Scientists from The University of Queensland and Nokia Bell Labs in the US bring a breakthrough in advanced biomedical imaging and telecommunications by developing a new technique to create time-reversed optical waves.
Time reversal of waves doesn’t mean traveling back to the future. It describes a distinctive sort of wave that can retrace a path backward through an object, as if watching a movie of the traveling wave, played in reverse.
Scientists used a newly developed device to demonstrate this time reversal of optical waves. The device allowed full 3-D control of light through an optical fiber.
UQ‘s Dr. Mickael Mounaix said, “Imagine launching a short pulse of light from a tiny spot through some scattering material, like fog. The light starts at a single location in space and at a single point in Time but becomes scattered as it travels through the fog and arrives on the other side at many different locations at many different times.”
“We have found a way to precisely measure where all that scattered light arrives and at what times, then create a ‘backward’ version of that light, and send it back through the fog. This new Time reversed light wave will retrace the original scattering process like watching a movie in reverse—finally arriving at the source just as it began: a single position at a single point in Time.”

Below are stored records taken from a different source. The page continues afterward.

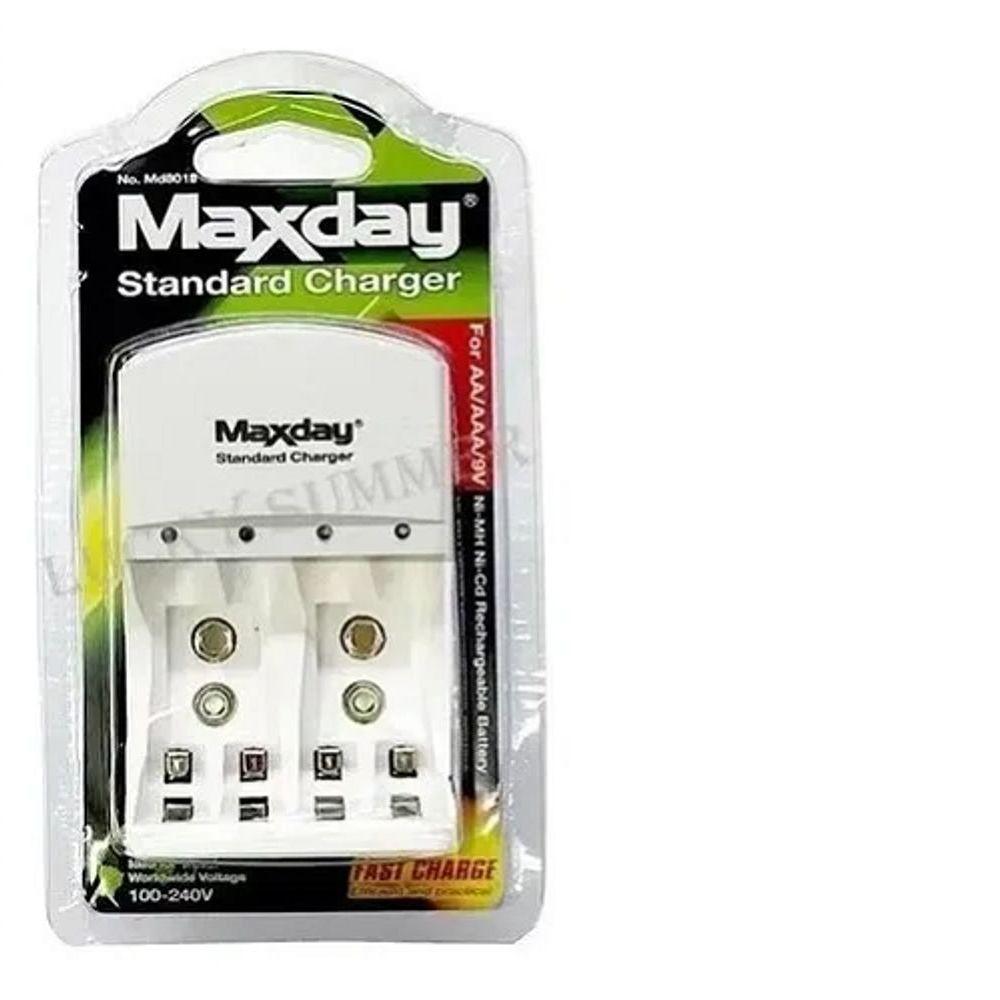 Carregador Pilhas Bivolt Aa/aaa/9v - 1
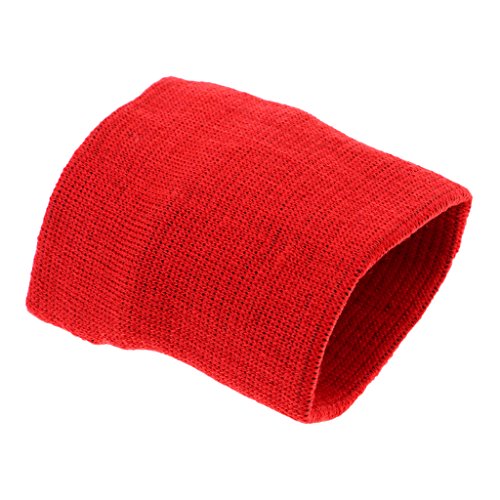 gazechimp 2x Esportes Pulseira Pulseira Sweatband Bolso Com Zíper Para Ginásio Ciclismo Correndo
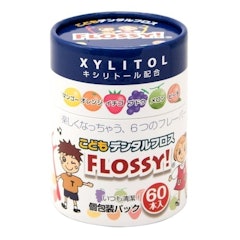 FLOSSY木醣醇兒童安全牙線棒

UQ’s Dr. Joel Carpenter said, “The backward version of the light beam, known as the time-reversed wave, was a random-looking 3-D object, like a little cloud of light.”
“To create that light cloud, you need to take an initial ball of light flying into the system and then sculpt it into the 3-D structure you want.”
“That sculpting needs to take place on time scales of trillionths of a second, so that’s too fast to sculpt using any moving parts or electrical signals—think of it like shooting a ball of clay at high speed through a static apparatus with no moving parts, which slices up the ball, diverts the pieces, and then recombines the pieces to produce an output sculpture, all as the clay flies through without ever slowing down.”
Dr. Nick Fontaine at Nokia Bell Labs said, “There was no device that could fully control and shape a light beam in 3-D before the team developed this technique.”
“It’s essential to control light delivery as accurately as possible for many applications, ranging from imaging to trapping objects with light, to creating very intense laser beams.”
The device is also expected to help scientists to conduct previously impossible experiments, putting theoretical concepts in many fields to the test.